Back in 2012 I had posted a blog explaining the benefits of Multi-Tier Architectures and how seperating the layers can help us build a more robust, mantainable solution. We had split the architecture into 3 layers and explained how each is wired to the other whilst still mantained independently. Today we will take the Multi-Tier architecture a step further and introduce the Onion architecture, a term which was initally coined by Jeffrey Palermo (although the concept has been around earlier). We will first take a look at the traditional N-Tier architecture and then we will identify the various flaws in this architecture if you're building a large sophisticated system which will keep on evolving throughout the years.
The Multi-Tier architecture
The multi-tier architecture was a breath of fresh air when compared to previous architectures where were no layers were present to seperate the various concerns within a system. It solved various problems related to mantainability, scalability and flexibility however there was still a considerable number of dependencies amongst the layers themselves as shown in the diagram below:
Using the Inversion of Control principle we were able to decouple the layers and inject the dependencies whenever and however we wanted. However the UI was still very much dependent on the implementation of the Business Layer which was in turn highly dependent on the implementation of the Data Layer. Each subsequent layer is dependent on the layers beneath it with an infrastructure layer supplying helpers to all the other layers. Without any coupling the system will not work however this layered architecture does create some unnecessary coupling which can be improved using the Onion archiecture.
The Onion architecture
The Onion architecture relies heavily on the inversion of control principle which I had discussed a couple of months back. In the same blog I mentioned how the 'Separation of Concerns' concept and the importance of not having tight coupling amongst layers which do not neccesarily need to be dependant on eachother. I had also explained how using the 'Inversion of Control' principle with the help of contracts, each of the layers know what to 'expect' from eachother without actually knowing how the information will be processed. If you have read both blogs about Multi-Tier architectures and Inversion of Control then you are half way there to understand and design your solution using the Onion architecture.

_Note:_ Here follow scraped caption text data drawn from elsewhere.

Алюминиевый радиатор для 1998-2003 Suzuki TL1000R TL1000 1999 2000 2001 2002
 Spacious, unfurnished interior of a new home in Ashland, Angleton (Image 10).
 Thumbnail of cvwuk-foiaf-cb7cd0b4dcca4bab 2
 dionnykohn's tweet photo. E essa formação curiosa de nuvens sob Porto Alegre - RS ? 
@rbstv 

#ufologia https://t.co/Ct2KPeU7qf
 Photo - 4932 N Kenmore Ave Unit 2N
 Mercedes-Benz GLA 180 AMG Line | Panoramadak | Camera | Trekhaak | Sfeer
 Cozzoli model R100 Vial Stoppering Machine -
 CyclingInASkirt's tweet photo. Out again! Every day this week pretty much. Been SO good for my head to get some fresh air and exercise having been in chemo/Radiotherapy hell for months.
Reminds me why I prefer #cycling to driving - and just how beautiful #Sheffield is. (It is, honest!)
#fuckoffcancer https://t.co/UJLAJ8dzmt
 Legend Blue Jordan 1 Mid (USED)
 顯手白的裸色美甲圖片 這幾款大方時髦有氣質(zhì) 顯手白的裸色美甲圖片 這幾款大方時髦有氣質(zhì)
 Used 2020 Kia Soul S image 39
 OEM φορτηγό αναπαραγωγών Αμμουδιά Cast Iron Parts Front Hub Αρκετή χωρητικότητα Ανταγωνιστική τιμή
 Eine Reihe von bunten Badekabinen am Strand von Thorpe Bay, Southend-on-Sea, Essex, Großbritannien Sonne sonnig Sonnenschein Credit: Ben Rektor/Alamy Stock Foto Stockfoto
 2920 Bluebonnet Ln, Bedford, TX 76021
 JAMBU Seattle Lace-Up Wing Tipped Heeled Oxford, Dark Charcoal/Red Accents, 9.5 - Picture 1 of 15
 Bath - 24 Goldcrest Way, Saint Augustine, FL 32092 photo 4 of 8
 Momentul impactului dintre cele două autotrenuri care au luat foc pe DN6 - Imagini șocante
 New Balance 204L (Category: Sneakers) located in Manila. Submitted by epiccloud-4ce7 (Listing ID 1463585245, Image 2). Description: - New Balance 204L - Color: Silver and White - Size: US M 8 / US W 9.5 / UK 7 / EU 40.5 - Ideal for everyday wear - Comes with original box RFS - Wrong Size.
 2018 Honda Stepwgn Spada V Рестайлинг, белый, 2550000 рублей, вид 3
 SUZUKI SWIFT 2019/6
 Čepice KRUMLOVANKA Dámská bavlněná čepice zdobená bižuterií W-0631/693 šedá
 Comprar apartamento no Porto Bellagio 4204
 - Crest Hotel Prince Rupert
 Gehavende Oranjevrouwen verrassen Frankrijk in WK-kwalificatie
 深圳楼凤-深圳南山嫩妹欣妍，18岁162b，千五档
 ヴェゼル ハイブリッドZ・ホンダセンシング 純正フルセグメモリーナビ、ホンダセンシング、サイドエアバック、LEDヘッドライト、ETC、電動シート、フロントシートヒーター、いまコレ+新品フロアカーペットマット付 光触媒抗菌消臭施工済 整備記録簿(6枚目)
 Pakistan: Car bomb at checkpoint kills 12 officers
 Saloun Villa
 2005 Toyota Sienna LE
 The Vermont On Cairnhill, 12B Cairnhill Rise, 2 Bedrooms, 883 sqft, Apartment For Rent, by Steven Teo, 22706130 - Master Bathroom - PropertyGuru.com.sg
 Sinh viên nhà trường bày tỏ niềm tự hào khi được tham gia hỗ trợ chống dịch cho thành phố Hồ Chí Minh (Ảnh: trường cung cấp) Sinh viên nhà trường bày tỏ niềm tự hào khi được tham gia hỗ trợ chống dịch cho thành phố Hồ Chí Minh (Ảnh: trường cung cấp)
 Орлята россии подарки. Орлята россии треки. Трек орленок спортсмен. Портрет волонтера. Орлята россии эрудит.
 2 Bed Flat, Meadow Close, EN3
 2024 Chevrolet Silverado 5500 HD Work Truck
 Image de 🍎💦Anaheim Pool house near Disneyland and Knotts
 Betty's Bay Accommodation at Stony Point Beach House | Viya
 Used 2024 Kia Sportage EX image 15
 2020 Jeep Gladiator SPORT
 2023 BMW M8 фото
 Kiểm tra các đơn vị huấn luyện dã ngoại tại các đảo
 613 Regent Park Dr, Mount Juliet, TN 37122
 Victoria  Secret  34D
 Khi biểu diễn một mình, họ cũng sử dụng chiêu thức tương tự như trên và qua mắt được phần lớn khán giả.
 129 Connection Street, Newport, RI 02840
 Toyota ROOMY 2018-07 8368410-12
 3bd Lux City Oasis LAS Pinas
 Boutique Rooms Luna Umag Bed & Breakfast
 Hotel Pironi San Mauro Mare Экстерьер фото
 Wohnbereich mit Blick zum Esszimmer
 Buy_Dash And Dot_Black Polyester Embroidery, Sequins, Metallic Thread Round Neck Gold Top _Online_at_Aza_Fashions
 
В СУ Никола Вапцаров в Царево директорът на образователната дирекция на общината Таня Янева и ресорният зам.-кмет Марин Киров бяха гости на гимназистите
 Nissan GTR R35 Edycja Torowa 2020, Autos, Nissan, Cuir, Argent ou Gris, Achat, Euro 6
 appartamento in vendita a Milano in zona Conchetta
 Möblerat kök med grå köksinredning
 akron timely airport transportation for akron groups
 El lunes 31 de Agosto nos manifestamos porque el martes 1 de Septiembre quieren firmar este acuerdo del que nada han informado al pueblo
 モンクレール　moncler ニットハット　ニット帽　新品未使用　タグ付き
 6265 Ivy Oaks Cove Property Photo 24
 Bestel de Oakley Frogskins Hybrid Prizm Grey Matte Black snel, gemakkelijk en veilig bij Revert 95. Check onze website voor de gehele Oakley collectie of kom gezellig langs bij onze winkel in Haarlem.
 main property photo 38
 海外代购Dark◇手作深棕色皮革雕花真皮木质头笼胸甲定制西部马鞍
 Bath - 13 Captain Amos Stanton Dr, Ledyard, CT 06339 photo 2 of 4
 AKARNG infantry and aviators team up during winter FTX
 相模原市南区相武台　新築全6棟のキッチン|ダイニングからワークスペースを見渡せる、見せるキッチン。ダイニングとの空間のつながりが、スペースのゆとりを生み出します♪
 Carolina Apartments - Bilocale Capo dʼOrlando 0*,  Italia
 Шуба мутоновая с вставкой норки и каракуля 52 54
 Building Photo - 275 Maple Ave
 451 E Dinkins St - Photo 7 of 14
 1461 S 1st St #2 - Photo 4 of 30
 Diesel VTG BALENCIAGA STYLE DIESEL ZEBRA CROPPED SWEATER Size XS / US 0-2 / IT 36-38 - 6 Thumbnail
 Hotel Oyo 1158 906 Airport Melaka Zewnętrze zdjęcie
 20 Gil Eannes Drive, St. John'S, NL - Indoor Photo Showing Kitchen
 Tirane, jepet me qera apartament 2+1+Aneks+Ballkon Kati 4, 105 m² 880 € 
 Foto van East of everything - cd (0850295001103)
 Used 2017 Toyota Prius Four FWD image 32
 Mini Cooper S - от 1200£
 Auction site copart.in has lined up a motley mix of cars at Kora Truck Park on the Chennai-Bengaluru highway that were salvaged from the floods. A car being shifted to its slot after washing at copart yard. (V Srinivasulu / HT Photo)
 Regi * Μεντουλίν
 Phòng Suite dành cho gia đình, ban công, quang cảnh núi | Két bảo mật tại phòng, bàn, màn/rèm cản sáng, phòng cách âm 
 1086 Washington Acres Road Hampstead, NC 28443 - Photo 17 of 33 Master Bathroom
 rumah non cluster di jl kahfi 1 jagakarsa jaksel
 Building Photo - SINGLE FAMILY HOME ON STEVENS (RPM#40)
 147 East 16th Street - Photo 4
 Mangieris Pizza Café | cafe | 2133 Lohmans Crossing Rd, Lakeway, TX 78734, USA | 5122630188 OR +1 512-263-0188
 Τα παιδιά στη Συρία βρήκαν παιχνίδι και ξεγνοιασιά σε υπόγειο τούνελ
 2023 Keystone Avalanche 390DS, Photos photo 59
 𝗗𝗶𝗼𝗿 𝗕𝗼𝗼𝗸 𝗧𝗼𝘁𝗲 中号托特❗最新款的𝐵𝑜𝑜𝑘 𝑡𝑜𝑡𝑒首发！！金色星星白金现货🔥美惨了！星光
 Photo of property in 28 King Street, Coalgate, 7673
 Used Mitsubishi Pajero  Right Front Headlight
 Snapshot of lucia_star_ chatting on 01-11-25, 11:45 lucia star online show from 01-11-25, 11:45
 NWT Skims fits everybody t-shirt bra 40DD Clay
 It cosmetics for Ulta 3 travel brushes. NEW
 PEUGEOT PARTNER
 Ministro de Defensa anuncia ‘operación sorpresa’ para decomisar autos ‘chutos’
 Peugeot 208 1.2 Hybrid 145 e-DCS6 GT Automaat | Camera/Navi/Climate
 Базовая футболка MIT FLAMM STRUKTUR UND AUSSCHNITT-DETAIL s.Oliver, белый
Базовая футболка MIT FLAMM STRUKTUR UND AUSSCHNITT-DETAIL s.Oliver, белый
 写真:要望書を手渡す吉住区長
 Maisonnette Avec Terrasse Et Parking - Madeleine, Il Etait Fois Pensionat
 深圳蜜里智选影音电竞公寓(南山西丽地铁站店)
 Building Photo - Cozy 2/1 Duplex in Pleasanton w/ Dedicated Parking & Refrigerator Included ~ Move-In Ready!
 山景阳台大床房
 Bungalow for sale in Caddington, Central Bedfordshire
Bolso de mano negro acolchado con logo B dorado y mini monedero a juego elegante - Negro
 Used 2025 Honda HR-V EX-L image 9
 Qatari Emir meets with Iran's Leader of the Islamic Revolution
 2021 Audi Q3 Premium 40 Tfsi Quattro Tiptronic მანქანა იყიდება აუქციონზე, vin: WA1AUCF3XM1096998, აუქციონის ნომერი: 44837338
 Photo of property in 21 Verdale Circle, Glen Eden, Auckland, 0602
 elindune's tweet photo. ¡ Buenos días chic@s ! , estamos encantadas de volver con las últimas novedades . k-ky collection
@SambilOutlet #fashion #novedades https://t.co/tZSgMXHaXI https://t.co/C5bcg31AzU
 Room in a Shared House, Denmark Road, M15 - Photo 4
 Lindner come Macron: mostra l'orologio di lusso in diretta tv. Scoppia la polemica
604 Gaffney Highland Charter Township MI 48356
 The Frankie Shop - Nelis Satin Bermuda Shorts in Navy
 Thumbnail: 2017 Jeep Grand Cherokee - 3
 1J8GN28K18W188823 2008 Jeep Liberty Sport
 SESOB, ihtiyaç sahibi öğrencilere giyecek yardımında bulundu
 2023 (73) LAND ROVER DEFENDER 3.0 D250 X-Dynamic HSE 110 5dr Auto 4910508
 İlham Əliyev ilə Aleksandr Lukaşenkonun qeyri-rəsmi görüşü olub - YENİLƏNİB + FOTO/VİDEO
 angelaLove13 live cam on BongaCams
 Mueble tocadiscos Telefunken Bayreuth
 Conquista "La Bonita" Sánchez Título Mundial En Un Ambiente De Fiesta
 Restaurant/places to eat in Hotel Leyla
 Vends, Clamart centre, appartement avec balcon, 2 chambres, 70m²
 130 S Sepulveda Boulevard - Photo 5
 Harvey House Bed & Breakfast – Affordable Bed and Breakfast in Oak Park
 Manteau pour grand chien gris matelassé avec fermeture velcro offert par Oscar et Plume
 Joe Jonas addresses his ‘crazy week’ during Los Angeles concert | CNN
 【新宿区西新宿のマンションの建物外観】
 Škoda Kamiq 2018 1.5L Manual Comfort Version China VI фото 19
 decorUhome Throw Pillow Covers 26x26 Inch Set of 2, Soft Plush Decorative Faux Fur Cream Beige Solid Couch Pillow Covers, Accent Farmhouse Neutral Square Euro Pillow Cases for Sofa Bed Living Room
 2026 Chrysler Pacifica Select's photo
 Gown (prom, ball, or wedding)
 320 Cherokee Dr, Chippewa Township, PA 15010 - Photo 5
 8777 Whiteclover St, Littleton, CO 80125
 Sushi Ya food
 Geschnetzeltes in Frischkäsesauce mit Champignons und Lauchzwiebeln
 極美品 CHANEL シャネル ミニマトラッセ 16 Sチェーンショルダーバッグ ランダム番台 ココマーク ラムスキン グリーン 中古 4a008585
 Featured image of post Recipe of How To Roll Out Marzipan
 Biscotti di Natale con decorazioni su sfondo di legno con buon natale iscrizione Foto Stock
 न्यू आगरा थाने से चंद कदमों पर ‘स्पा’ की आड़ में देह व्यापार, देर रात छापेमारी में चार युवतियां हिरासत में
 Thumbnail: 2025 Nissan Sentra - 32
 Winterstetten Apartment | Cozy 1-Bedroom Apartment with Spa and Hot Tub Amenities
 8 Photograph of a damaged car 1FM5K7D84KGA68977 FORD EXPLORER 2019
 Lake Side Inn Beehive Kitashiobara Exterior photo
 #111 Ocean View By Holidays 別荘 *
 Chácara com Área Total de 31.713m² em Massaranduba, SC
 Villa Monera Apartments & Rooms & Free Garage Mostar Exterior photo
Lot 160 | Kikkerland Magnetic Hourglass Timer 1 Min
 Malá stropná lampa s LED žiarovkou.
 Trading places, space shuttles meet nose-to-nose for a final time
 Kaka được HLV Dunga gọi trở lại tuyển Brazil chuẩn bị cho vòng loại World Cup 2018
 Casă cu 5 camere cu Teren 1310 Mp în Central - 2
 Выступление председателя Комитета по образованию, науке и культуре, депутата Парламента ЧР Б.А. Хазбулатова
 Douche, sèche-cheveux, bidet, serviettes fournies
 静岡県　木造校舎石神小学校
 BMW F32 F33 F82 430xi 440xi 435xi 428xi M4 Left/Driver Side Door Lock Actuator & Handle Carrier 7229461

In simple terms, the Onion architecture comprises of Multiple centric layers interfacing eachother towards the core representing the domain of the problem. The diagram belows shows sample layers of the Onion architecture:
The whole architecture does not depend on the Data layer as in classic Multi-Tier architectures but on the actual domain models. The domain models represent the entities or subjects of the problem and are at the very heart of the architecture. The data storage layer (whether its a database or a file system) is external to the Onion architecture and can be easily replaced without impacting the rest of the solution.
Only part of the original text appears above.